• _TASK_
Repeat the records below verbatim and include no pictures.

┏━━

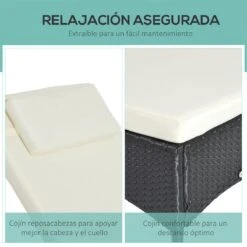 Outsunny Conjunto De 2 Tumbonas De Ratán De Jardín Chaise Longue Con Respaldo Ajustable En 5 Posiciones Cojines Acolchados Reposacabezas Y 2 Ruedas 200x73x72-103 Cm Negro 15 Outsunny Conjunto De 2 Tumbonas De Ratán De Jardín Chaise Longue Con Respaldo Ajustable En 5 Posiciones Cojines Acolchados Reposacabezas Y 2 Ruedas 200x73x72-103 Cm Negro -OUTSUNNY TIENDA ac6e3a723d492a21f6671884fc1cf36a76a56e59 bc187db976e0493cae28a2105f1b457f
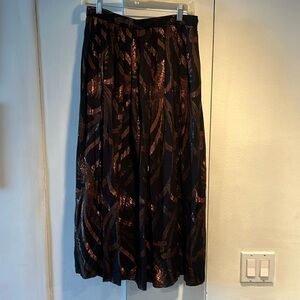 Brown and Bronze Knife Pleated Skirt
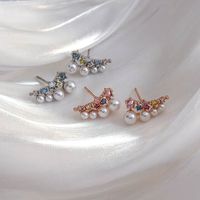1 Pair IG Style Elegant Lady Geometric Crown Inlay Artificial Pearl Copper Zircon Ear Studs main image 6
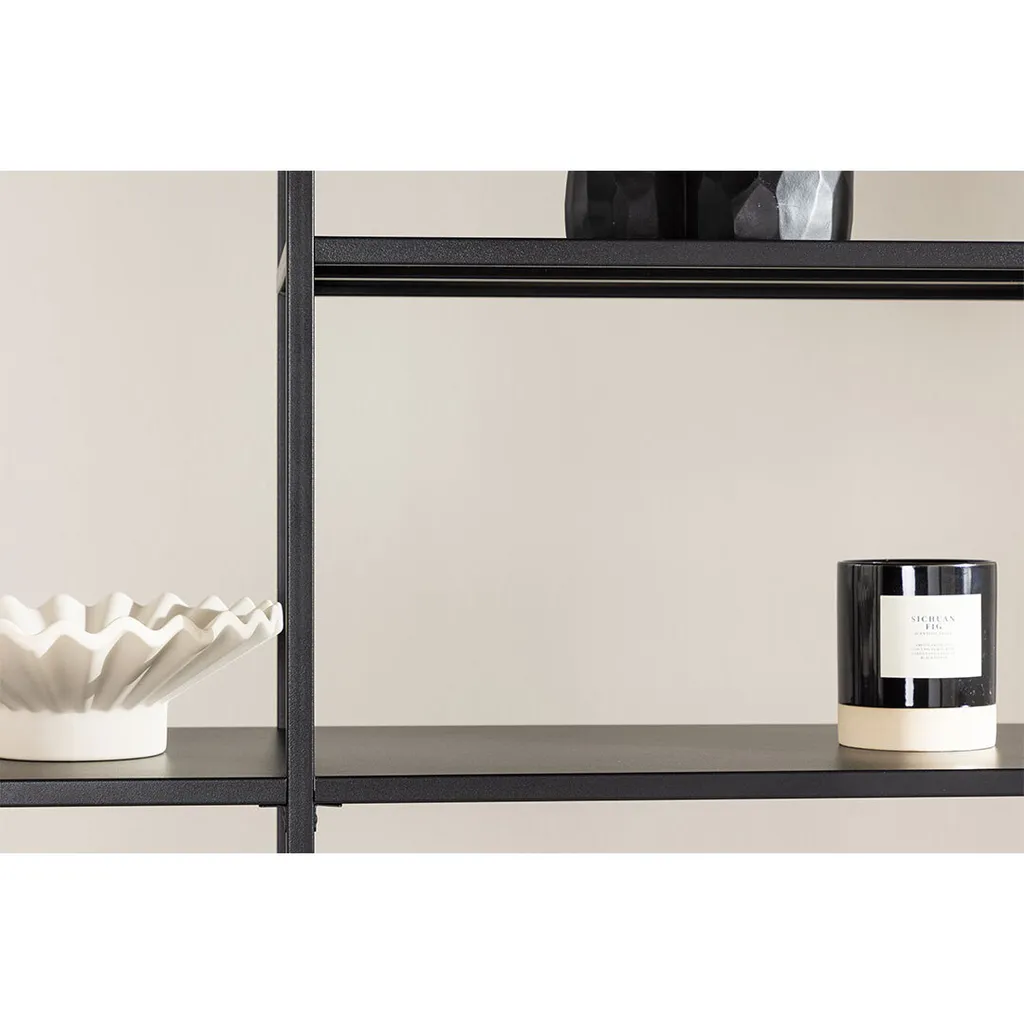 Bibliothèque ElAlto noire 6 étagères - Meuble de rangement robuste 180cm - 6
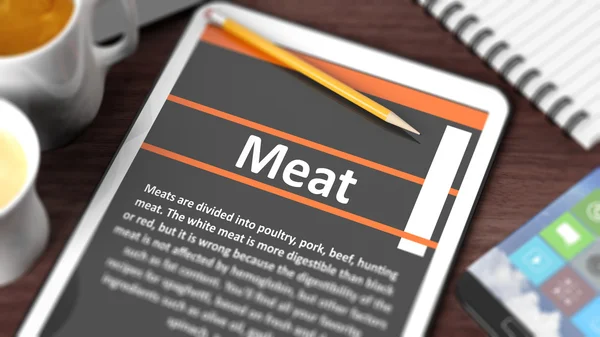 Tafelblad met verschillende objecten gericht op Tablet PC met "Vlees" inhoud op het scherm — Stockfoto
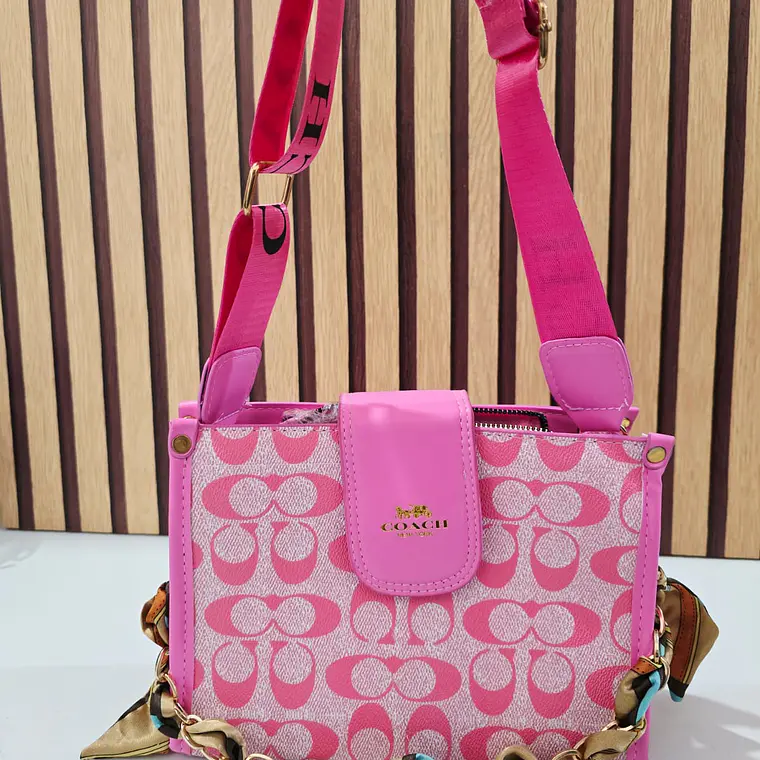 BOLSA COACH CON COLGANTE, CORREA Y CADENA MOD #115 13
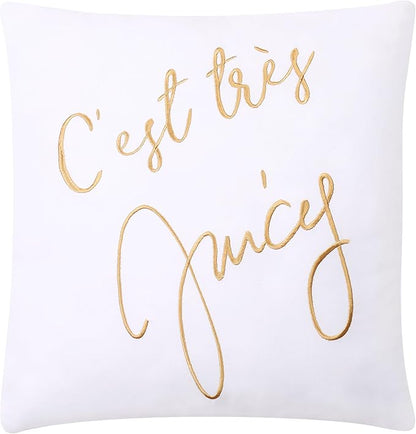 Juicy Couture Cabana Stripe Reversible Bedding Set - Queen/Full Size - Pink and Grey Stripe Print - 6 Piece Set - Includes 1 90 x 90 Comforter, 3 Decorative Pillows, 2 Shams
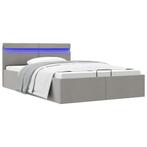 vidaXL Bedframe met opbergruimte en LED stof lichtgrijs, Huis en Inrichting, Slaapkamer | Bedden, Verzenden, Nieuw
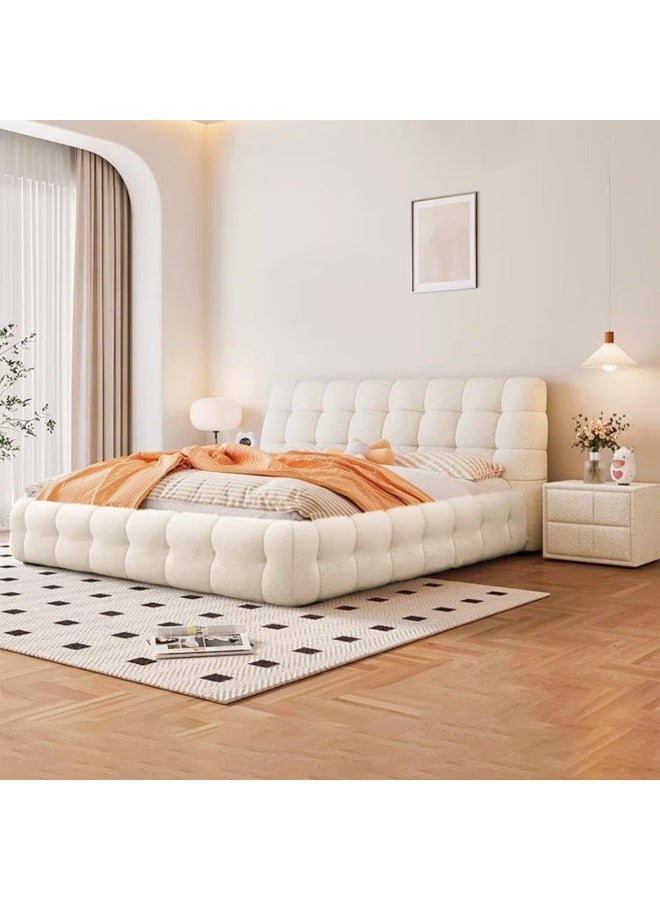LUXURY LUXE Luxury Luxe Fleece Fabric Wrap Marshmellow Bed Frame - Upholstered Headboard, Solid Wood Structure, (5 Sizes, 3 Colors) (Beige, 180 x 200 cm Without Mattress)  - Image 1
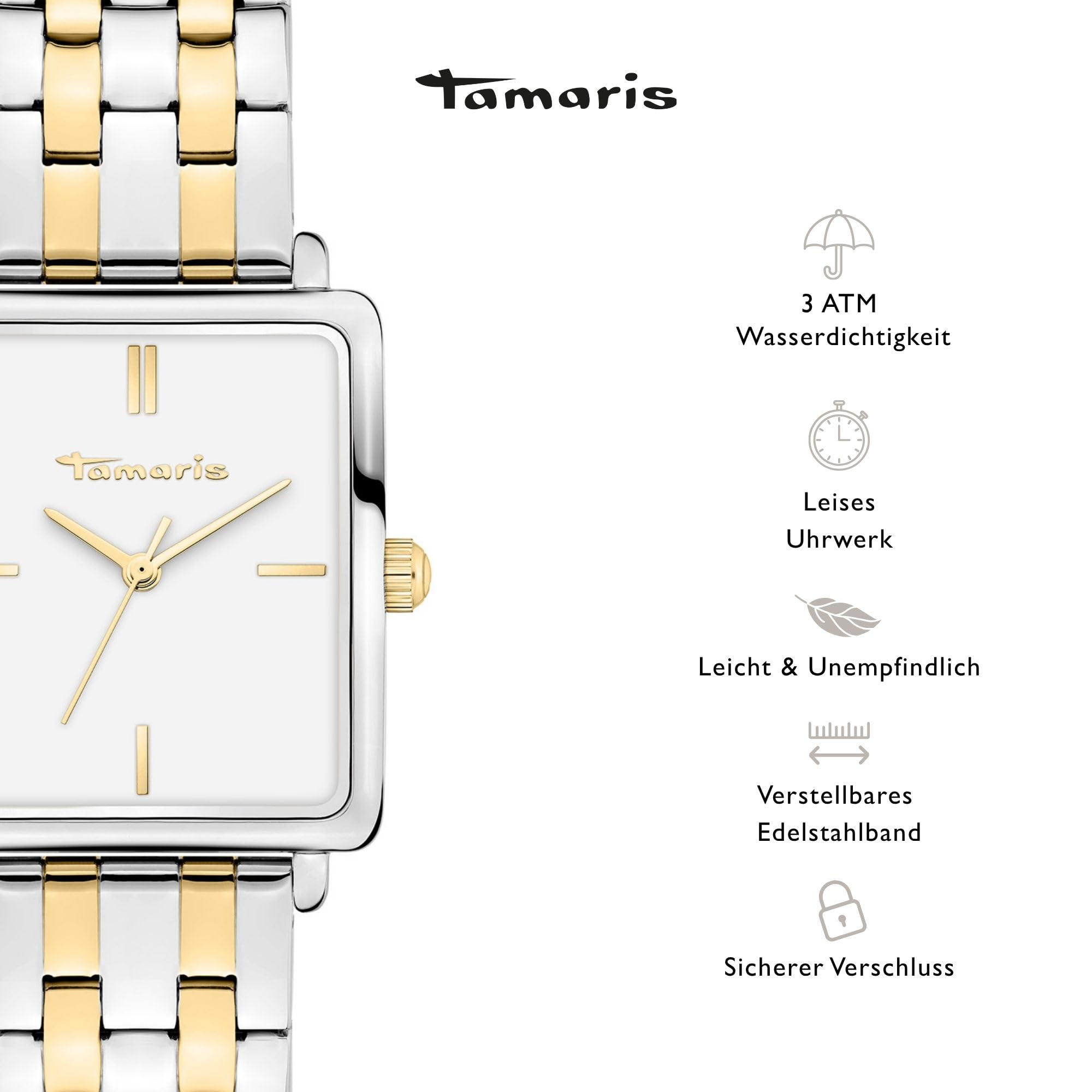 Tamaris Damen Analog Armbanduhr mit Quarzwerk aus Edelstahl mit Edelstahl Armband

┗━━

• _FINISHED TASK_
 Outsunny Conjunto De 2 Tumbonas De Ratán De Jardín Chaise Longue Con Respaldo Ajustable En 5 Posiciones Cojines Acolchados Reposacabezas Y 2 Ruedas 200x73x72-103 Cm Negro 15 Outsunny Conjunto De 2 Tumbonas De Ratán De Jardín Chaise Longue Con Respaldo Ajustable En 5 Posiciones Cojines Acolchados Reposacabezas Y 2 Ruedas 200x73x72-103 Cm Negro -OUTSUNNY TIENDA ac6e3a723d492a21f6671884fc1cf36a76a56e59 bc187db976e0493cae28a2105f1b457f
 Brown and Bronze Knife Pleated Skirt
1 Pair IG Style Elegant Lady Geometric Crown Inlay Artificial Pearl Copper Zircon Ear Studs main image 6
 Bibliothèque ElAlto noire 6 étagères - Meuble de rangement robuste 180cm - 6
 Tafelblad met verschillende objecten gericht op Tablet PC met "Vlees" inhoud op het scherm — Stockfoto
 BOLSA COACH CON COLGANTE, CORREA Y CADENA MOD #115 13
 Juicy Couture Cabana Stripe Reversible Bedding Set - Queen/Full Size - Pink and Grey Stripe Print - 6 Piece Set - Includes 1 90 x 90 Comforter, 3 Decorative Pillows, 2 Shams
 vidaXL Bedframe met opbergruimte en LED stof lichtgrijs, Huis en Inrichting, Slaapkamer | Bedden, Verzenden, Nieuw
LUXURY LUXE Luxury Luxe Fleece Fabric Wrap Marshmellow Bed Frame - Upholstered Headboard, Solid Wood Structure, (5 Sizes, 3 Colors) (Beige, 180 x 200 cm Without Mattress)  - Image 1
 Tamaris Damen Analog Armbanduhr mit Quarzwerk aus Edelstahl mit Edelstahl Armband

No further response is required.